- **ASSIGNED TASK**
Every entry below has to appear again in your reply, word for word, but no picture may.

- **THE RECORDS**

*** Block opens ***

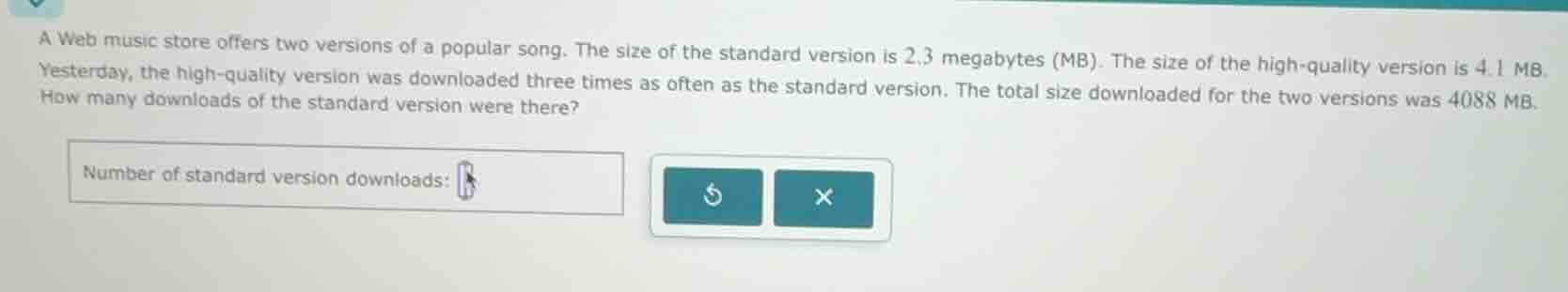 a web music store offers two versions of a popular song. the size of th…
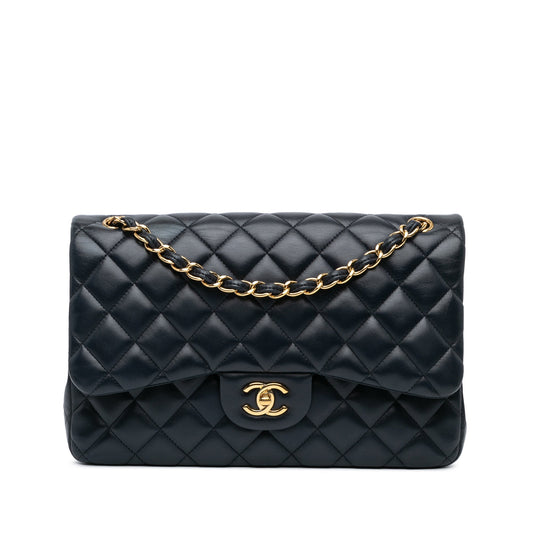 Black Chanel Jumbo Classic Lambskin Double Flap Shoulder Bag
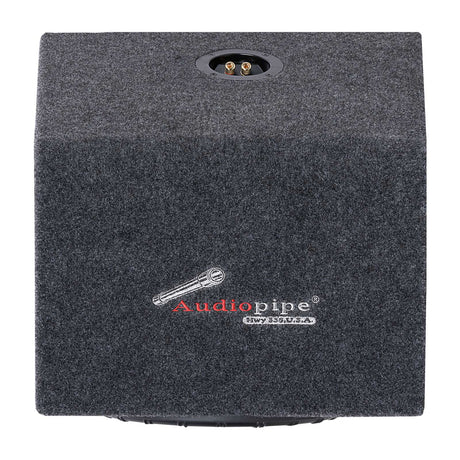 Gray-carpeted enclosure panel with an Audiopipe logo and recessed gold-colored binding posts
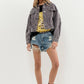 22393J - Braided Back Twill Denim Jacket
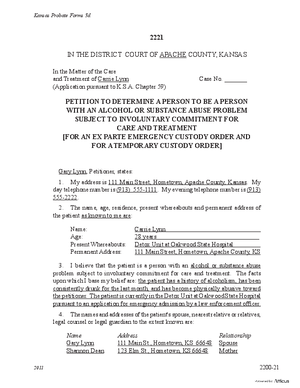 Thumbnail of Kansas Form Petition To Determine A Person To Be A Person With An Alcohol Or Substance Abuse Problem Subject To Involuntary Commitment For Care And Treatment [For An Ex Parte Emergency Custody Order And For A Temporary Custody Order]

*** Block closes ***

- **SOLVED PROBLEM**
 a web music store offers two versions of a popular song. the size of th…
 Black Chanel Jumbo Classic Lambskin Double Flap Shoulder Bag
 Gray-carpeted enclosure panel with an Audiopipe logo and recessed gold-colored binding posts
 22393J - Braided Back Twill Denim Jacket
 Thumbnail of Kansas Form Petition To Determine A Person To Be A Person With An Alcohol Or Substance Abuse Problem Subject To Involuntary Commitment For Care And Treatment [For An Ex Parte Emergency Custody Order And For A Temporary Custody Order]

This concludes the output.